A Generalisation of the Capstan Equation and a Comparison Against Kikuchi and Oden's Model for Coulomb's Law of Static Friction

TL;DR

This paper extends the classical capstan equation to non-circular geometries, derives a closed-form solution for elastic bodies supported by rigid shapes, and compares it with Kikuchi and Oden's model through numerical experiments.

Contribution

It introduces a generalized capstan equation for non-circular geometries and compares it with Kikuchi and Oden's model using numerical analysis.

Findings

Frictional force is independent of Young's modulus for fixed coefficient of friction.

Increasing curvature, Poisson's ratio, or decreasing thickness increases frictional force.

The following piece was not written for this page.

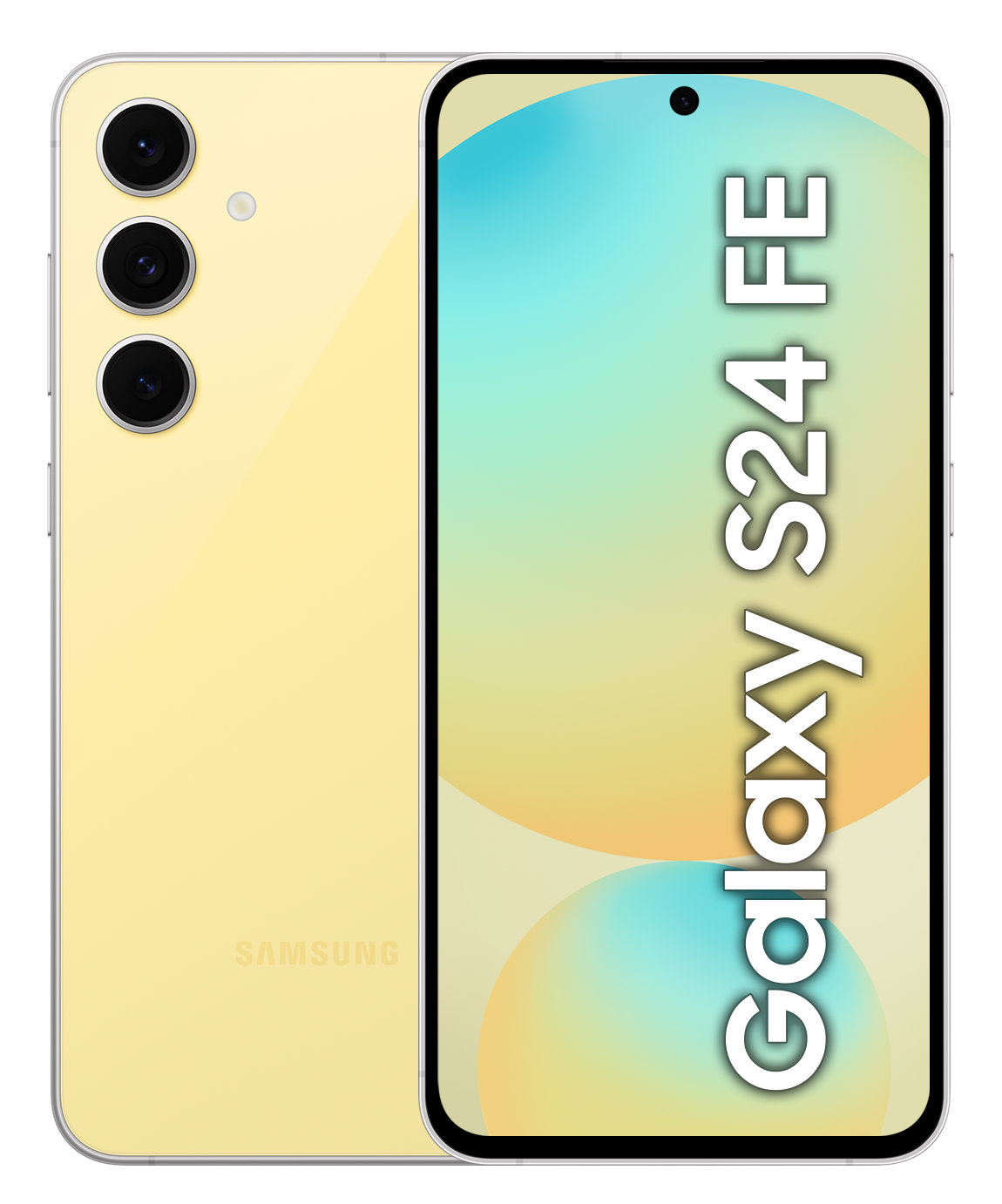 Żółty telefon z trzema aparatami, ekran wyświetla tekst. Tył pokazuje logo SAMSUNG.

Different models imply different coefficients of friction for the same tension ratio.

Abstract

In this article, we extend the capstan equation to non-circular geometries. We derive a closed form solution for a membrane with a zero Poisson's ratio (or a string with an arbitrary Poisson's ratio) supported by a rigid prism (at limiting-equilibrium case and in steady-equilibrium case) or supported by a rigid general cone (at limiting-equilibrium case only). Our models indicate that the stress profile of the elastic body depends on the change in curvature of the rigid obstacle at the contact region. As a comparison, we extend Kikuchi and Oden's model for Coulomb's law of static friction to curvilinear coordinates, and conduct numerical experiments to examine the properties of Coulomb's law of static friction implied by Kikuchi and Oden's model in curvilinear coordinates and implied by our generalised capstan equation. Our numerical results indicate that for a fixed coefficient of friction, the frictional force is independent of the Young's modulus of the elastic body, and increasing the curvature, increasing the Poisson's ratio and decreasing the thickness of the elastic body increases the frictional force. Our analysis also shows that for given a tension ratio, the coefficient of friction inferred by each model is different, indicating that the implied-coefficient of friction is model dependent.